### DATASET CONTENT

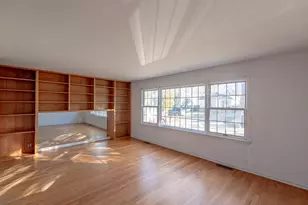 2424 Cowper Ave, Evanston, IL 60201 - Photo 2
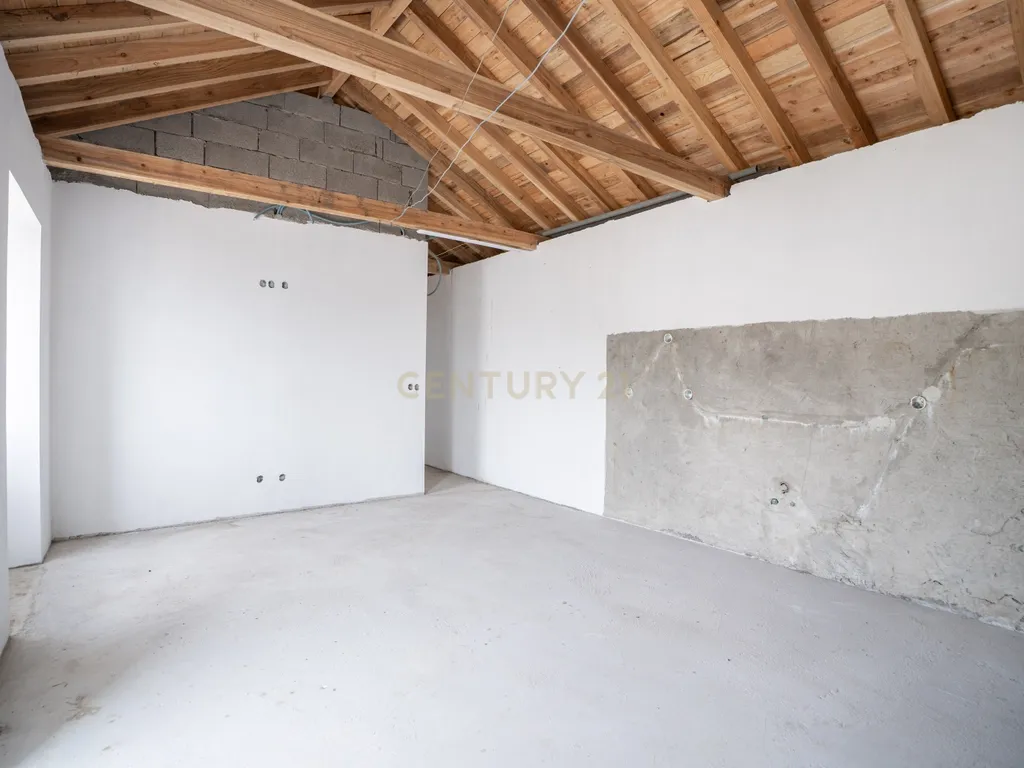 Moradia em fase de renovação na Vila de São Sebastião - Image 15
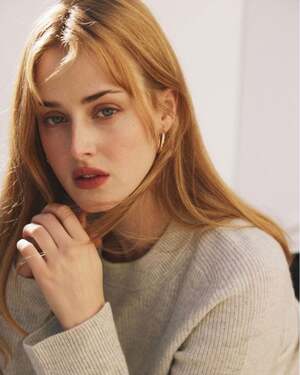 Anna Van Patten nude 12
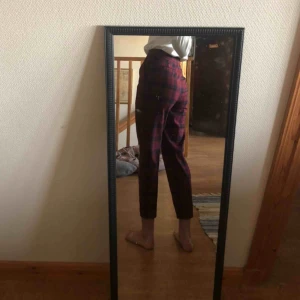 Byxor - Superfina kostymbyxor från pull&bear. Jag kan mötas upp i Norrköping eller i Nyköping, alternativt posta mot fraktkostnad. 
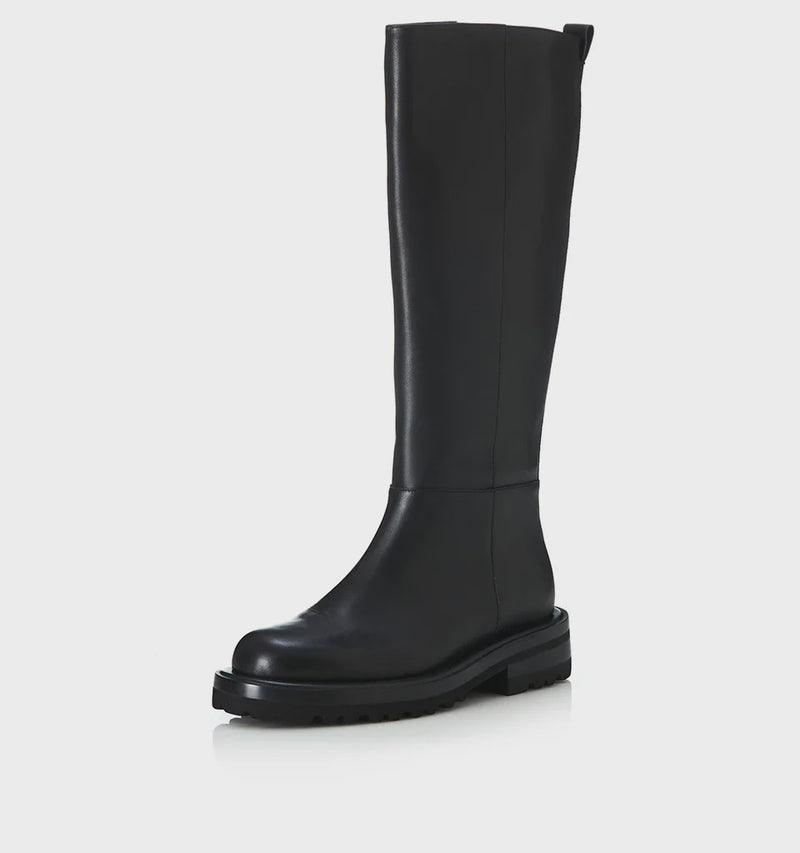 Silvie - Black Leather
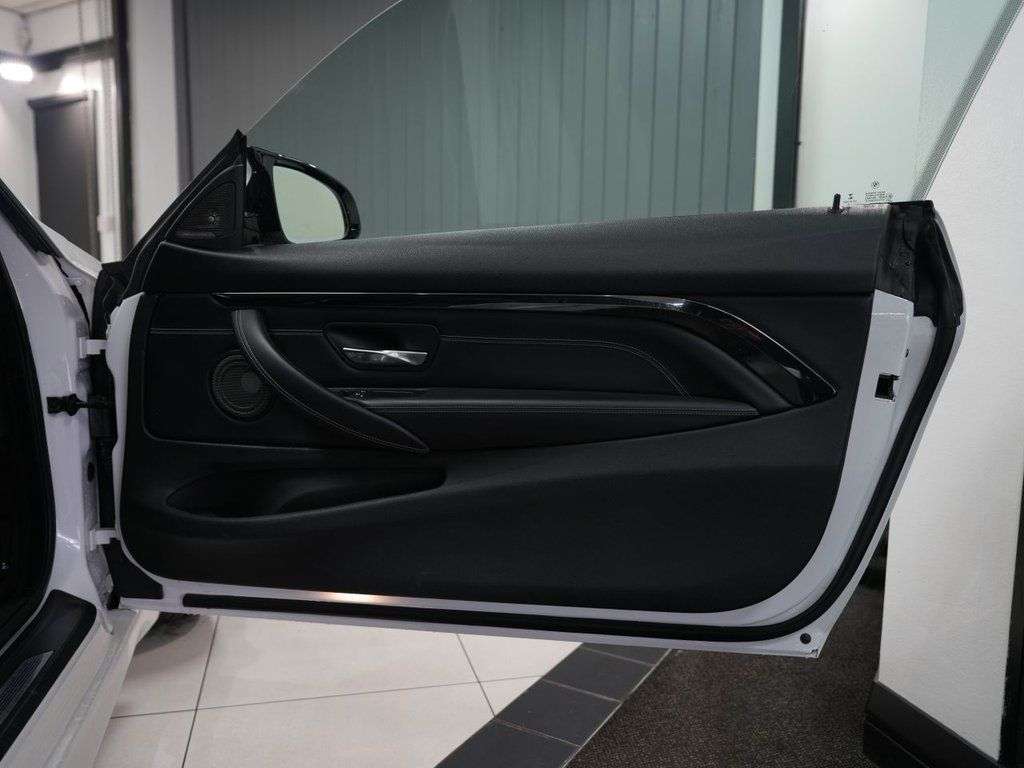 2018 BMW M4 2018 BMW M4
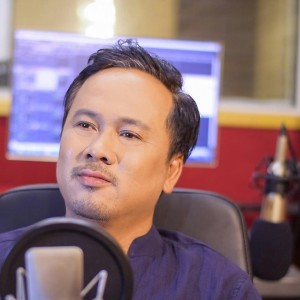 Listen to Mưa Nước Lũ song with lyrics from Thanh Duyên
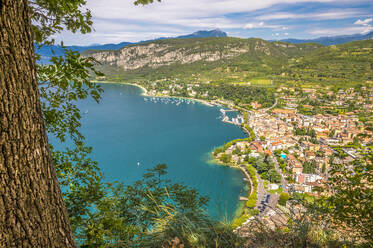 Italien, Venetien, Garda, Blick auf eine Stadt am Ufer des Gardasees im Sommer - MHF00740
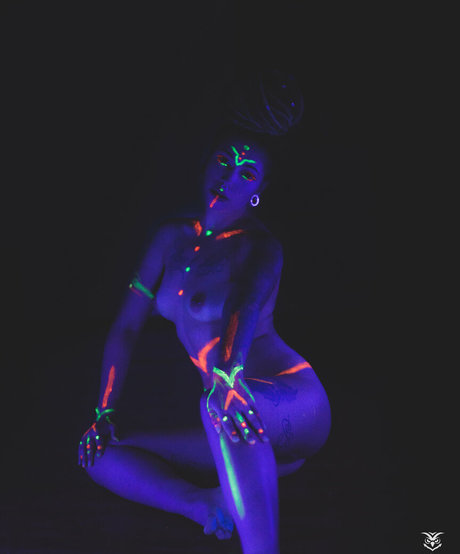 lovelychris model pornographic gallery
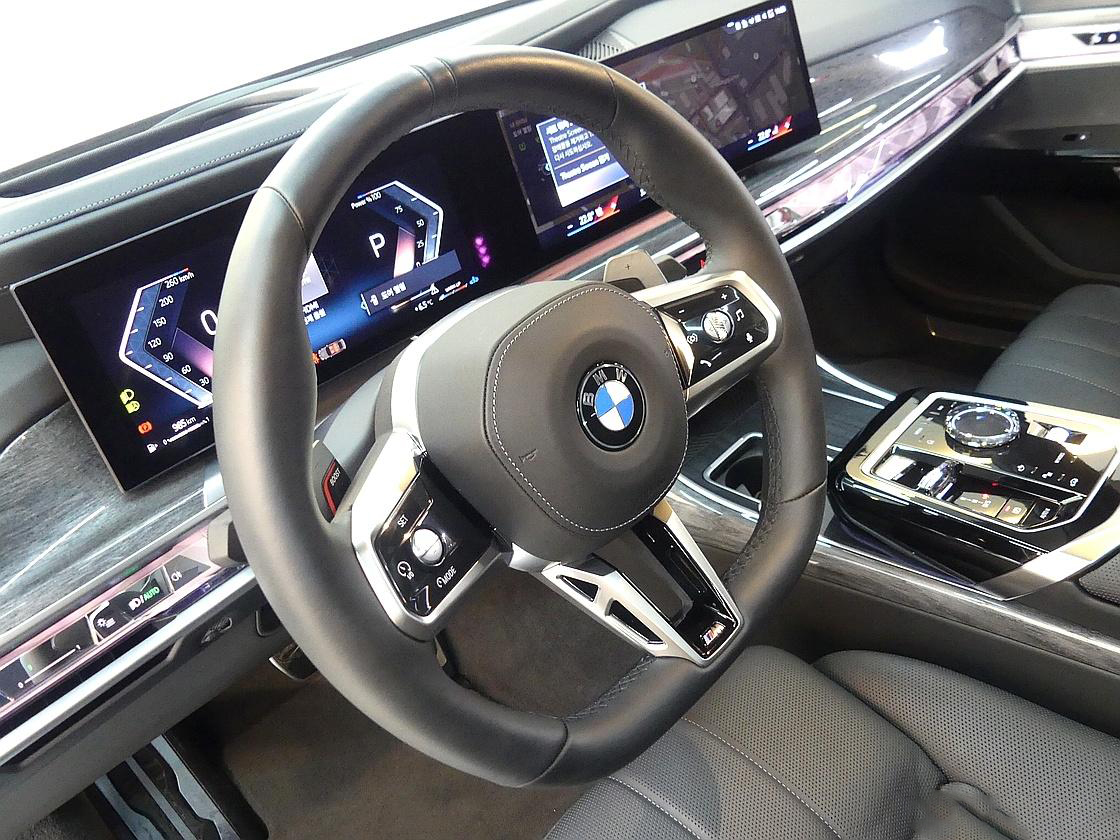 BMW 7세대 740d xDrive M 스포츠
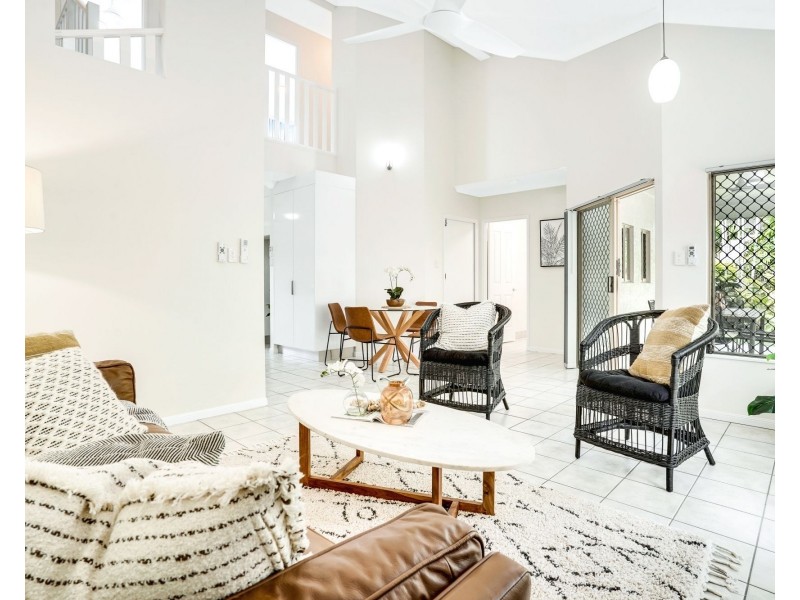 9/71-73 Cedar Road, Palm Cove QLD 4879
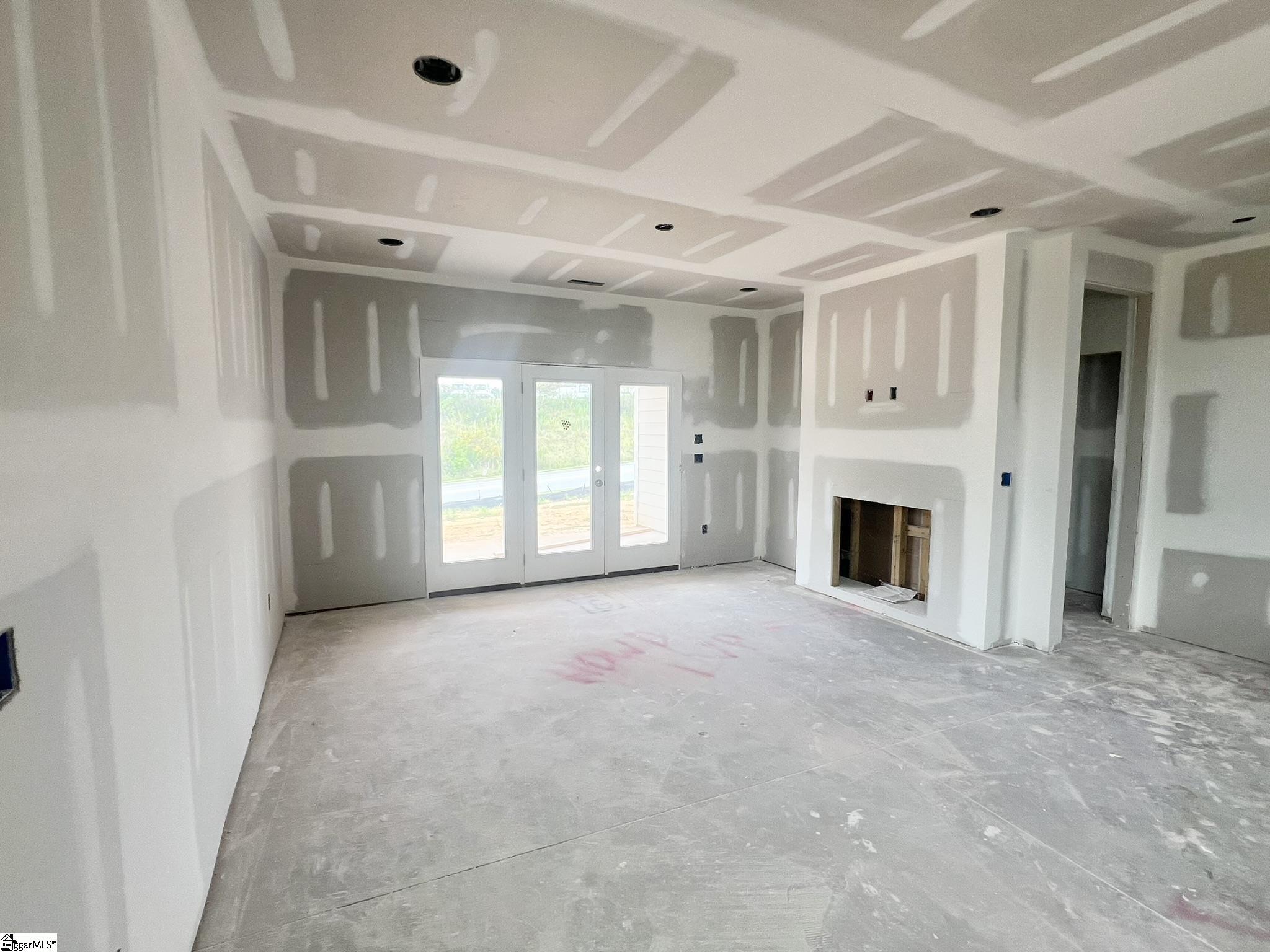 31 Hasbrook Lane Property Photo 6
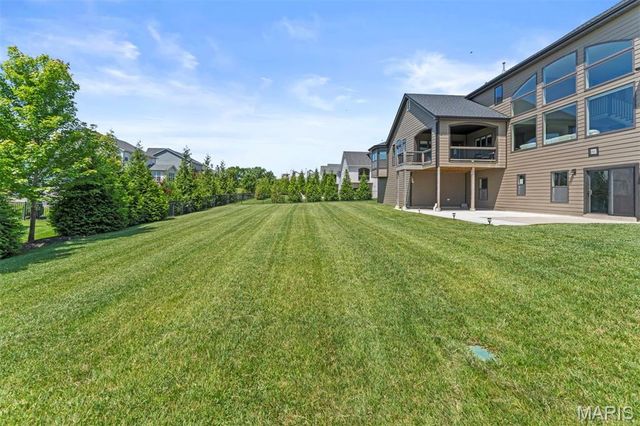 16936 Lake Meadow, Chesterfield, MO 63005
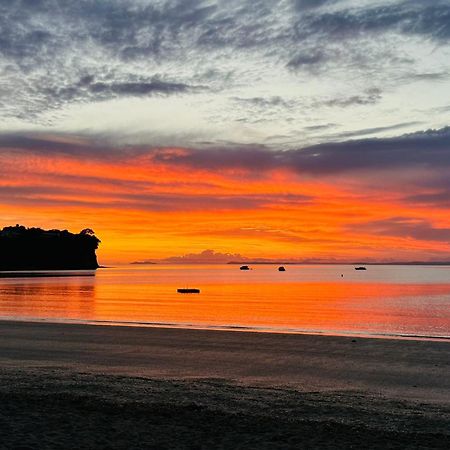 Beachfront Beauty Villa Whangaparaoa Buitenkant foto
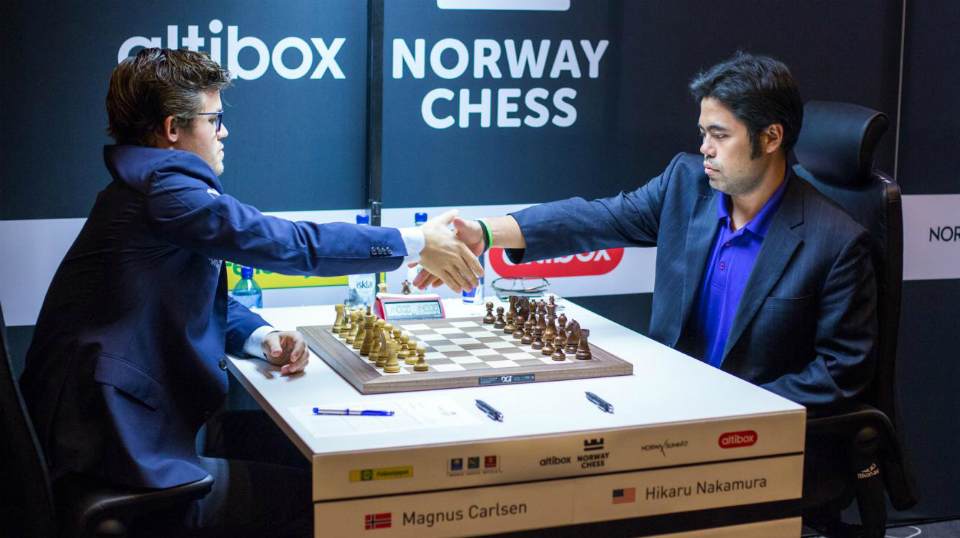 Finalda Karlsen və Nakamura qarşılaşacaq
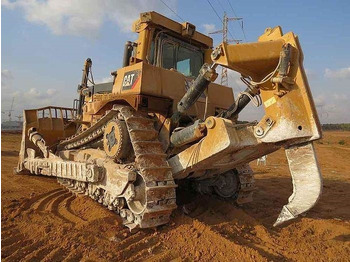 Bulldozer CATERPILLAR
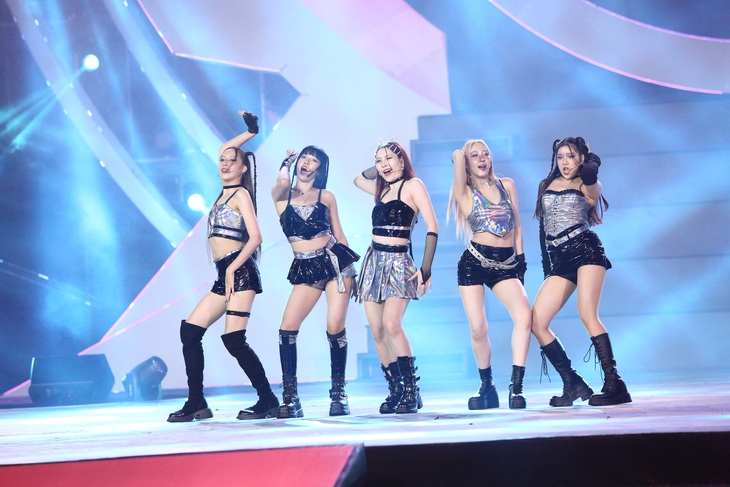 Nhóm nhạc De GIFT' của Thái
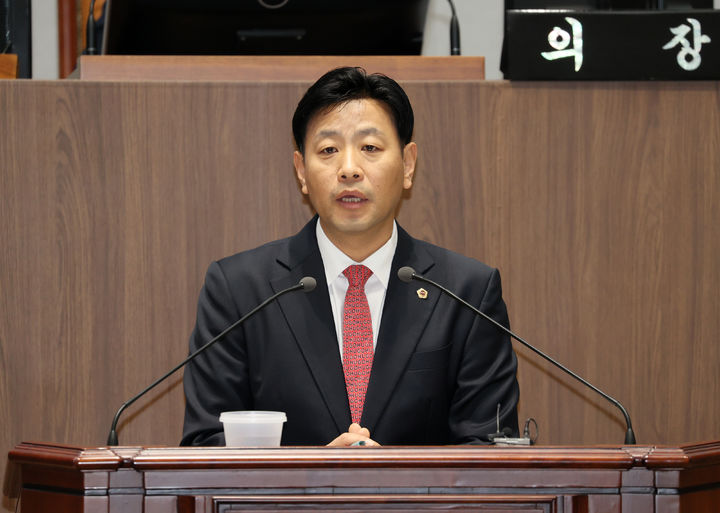 [천안=뉴시스] 김도훈 충남도의원(천안6)이 공직선거법으로 유죄가 최종 확정돼 의원직을 상실했다. (사진=충남도의회 제공) 2025.09.11 photo@newsis.com *재판매 및 DB금지 *재판매 및 DB 금지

######

DIRECTIONS FOR THIS TASK ▸ Above are the records; copy them exactly without the pictures.

SOLUTION ▸
 2424 Cowper Ave, Evanston, IL 60201 - Photo 2
 Moradia em fase de renovação na Vila de São Sebastião - Image 15
 Anna Van Patten nude 12
 Byxor - Superfina kostymbyxor från pull&bear. Jag kan mötas upp i Norrköping eller i Nyköping, alternativt posta mot fraktkostnad. 
 Silvie - Black Leather
 2018 BMW M4 2018 BMW M4
 Listen to Mưa Nước Lũ song with lyrics from Thanh Duyên
 Italien, Venetien, Garda, Blick auf eine Stadt am Ufer des Gardasees im Sommer - MHF00740
 lovelychris model pornographic gallery
 BMW 7세대 740d xDrive M 스포츠
 9/71-73 Cedar Road, Palm Cove QLD 4879
 31 Hasbrook Lane Property Photo 6
 16936 Lake Meadow, Chesterfield, MO 63005
 Beachfront Beauty Villa Whangaparaoa Buitenkant foto
 Finalda Karlsen və Nakamura qarşılaşacaq
 Bulldozer CATERPILLAR
 Nhóm nhạc De GIFT' của Thái
 [천안=뉴시스] 김도훈 충남도의원(천안6)이 공직선거법으로 유죄가 최종 확정돼 의원직을 상실했다. (사진=충남도의회 제공) 2025.09.11 photo@newsis.com *재판매 및 DB금지 *재판매 및 DB 금지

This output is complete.